CD Collectors Hub

Practical information and observations on audio CD collecting.

Why the Best CDs Are Often the Cheapest

How Demand and Availability Drive Used CD Prices

Statistical Analysis of Real-World Discogs & Rate Your Music Data - December 2025

Abstract

What determines the price of a used CD? Most collectors have a common sense set of assumptions that include album popularity, artist reputation and rarity. But these beliefs are rarely, if ever, tested using real data. The availability of several online data resources now makes it possible to determine which variables actually drive the price of used CDs.

In this study, publicly available data from two websites, Discogs and Rate Your Music (RYM), were analyzed to identify which variables correlate with used CD prices. Two artists with relatively long discographies, but with contrasting fan bases and music genres, were selected as test cases: Prince and R.E.M. Data including sold prices, various measurements of demand, availability, album reputation, number of releases, and age were obtained from these sources.

The analysis shows that CD prices are largely explained by two factors: demand relative to ownership (the want/have ratio from Discogs), and long-term availability (the number of releases of an album as shown in RYM). Together these two variables explain about 75% of the variation in price. Surprisingly, album reputation, as measured by user ratings, does not independently impact price. In fact, many highly regarded albums are less expensive because they were manufactured in larger quantities.

An additional nuance is that there is a difference between the immediate availability (copies currently for sale) versus long-term availability (represented by documented releases of an album). The latter appears to be a better indicator of the total number of copies that exist and therefore has a stronger relationship to price.

Introduction

In the used record store, or at any of the many online marketplaces, CDs usually do not sell for a fixed price. The price is set by the seller, often referring to Discogs or eBay completed sales, but also shaped by beliefs about desirability, scarcity, or reputation. Typically the price is only a few dollars, but some highly prized discs can sell for much more. CD collectors often apply reasonable logic when estimating value, but what does the data indicate is actually related to sold prices?

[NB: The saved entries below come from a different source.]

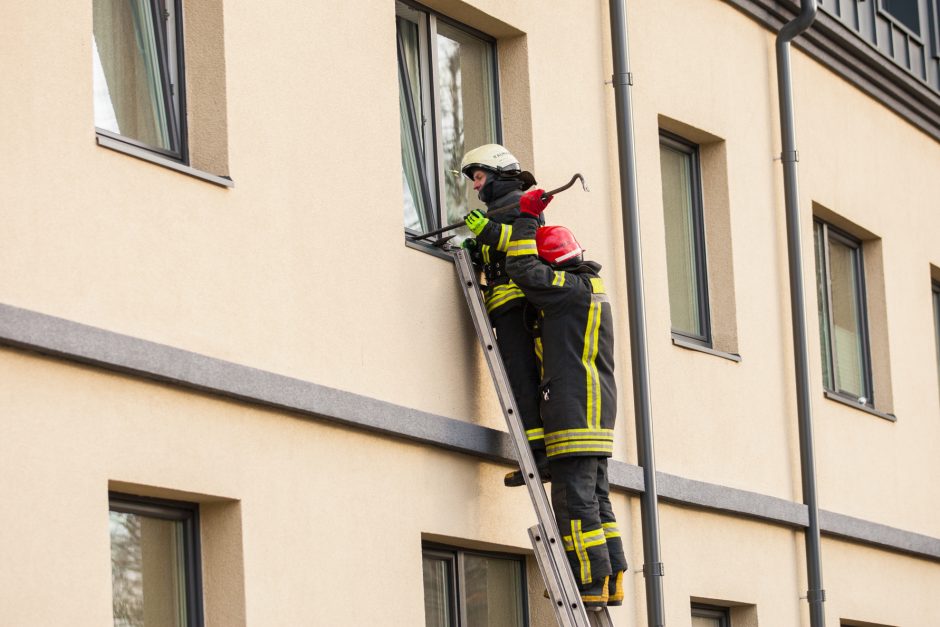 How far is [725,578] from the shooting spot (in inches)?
500

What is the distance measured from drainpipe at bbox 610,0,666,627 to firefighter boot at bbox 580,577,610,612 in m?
1.78

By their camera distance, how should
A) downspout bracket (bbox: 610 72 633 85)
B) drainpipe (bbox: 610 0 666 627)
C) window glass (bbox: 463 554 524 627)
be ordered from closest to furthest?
window glass (bbox: 463 554 524 627)
drainpipe (bbox: 610 0 666 627)
downspout bracket (bbox: 610 72 633 85)

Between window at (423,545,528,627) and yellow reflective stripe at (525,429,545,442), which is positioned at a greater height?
yellow reflective stripe at (525,429,545,442)

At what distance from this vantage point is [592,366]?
10.2 m

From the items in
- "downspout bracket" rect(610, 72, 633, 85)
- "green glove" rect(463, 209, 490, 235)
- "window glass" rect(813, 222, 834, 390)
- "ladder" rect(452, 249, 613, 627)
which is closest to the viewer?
"ladder" rect(452, 249, 613, 627)

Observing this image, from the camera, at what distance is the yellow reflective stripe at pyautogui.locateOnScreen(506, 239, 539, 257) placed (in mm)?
10109

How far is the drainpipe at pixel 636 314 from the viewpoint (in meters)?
11.6

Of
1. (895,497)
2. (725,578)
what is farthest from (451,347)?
(895,497)

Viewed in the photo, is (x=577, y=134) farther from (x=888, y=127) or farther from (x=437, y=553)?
(x=888, y=127)

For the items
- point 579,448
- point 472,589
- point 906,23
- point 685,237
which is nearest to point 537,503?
point 579,448

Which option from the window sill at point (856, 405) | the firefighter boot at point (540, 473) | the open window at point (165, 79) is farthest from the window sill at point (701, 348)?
the open window at point (165, 79)

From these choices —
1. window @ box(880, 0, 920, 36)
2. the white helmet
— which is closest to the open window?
the white helmet

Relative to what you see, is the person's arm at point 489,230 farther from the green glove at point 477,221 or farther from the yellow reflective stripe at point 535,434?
the yellow reflective stripe at point 535,434

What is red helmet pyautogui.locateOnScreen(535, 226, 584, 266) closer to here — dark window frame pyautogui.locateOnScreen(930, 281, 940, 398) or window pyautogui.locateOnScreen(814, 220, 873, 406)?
window pyautogui.locateOnScreen(814, 220, 873, 406) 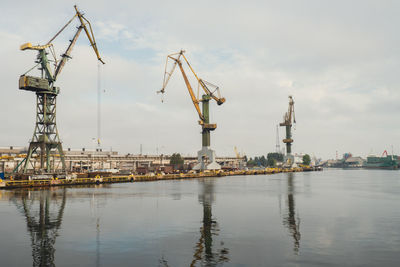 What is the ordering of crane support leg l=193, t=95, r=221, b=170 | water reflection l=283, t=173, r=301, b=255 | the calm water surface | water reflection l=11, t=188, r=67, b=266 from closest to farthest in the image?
the calm water surface
water reflection l=11, t=188, r=67, b=266
water reflection l=283, t=173, r=301, b=255
crane support leg l=193, t=95, r=221, b=170

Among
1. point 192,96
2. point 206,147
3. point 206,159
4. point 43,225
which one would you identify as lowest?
point 43,225

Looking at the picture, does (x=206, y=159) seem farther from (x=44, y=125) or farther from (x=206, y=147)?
(x=44, y=125)

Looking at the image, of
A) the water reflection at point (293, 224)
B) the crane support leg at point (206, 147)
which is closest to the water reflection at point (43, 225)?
the water reflection at point (293, 224)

CD collectors are always looking for ways to better understand their collection and the broader market. Often relying on informal rules of thumb, such as the idea that better albums or more popular artists are worth more, which are believed but not tested. Going into this work I shared many of those thoughts, feeling that supply and demand was critical, but also that quality rating of a given album, or which artist made a given album might also play an important role.

There is no shortage of online commentary on CD desirability and pricing, but little of that is based on hard numbers. In many fields, relationships like these are examined by analyzing data rather than relying on intuition. Applying that approach to CDs will help clarify what does and does not affect CD prices.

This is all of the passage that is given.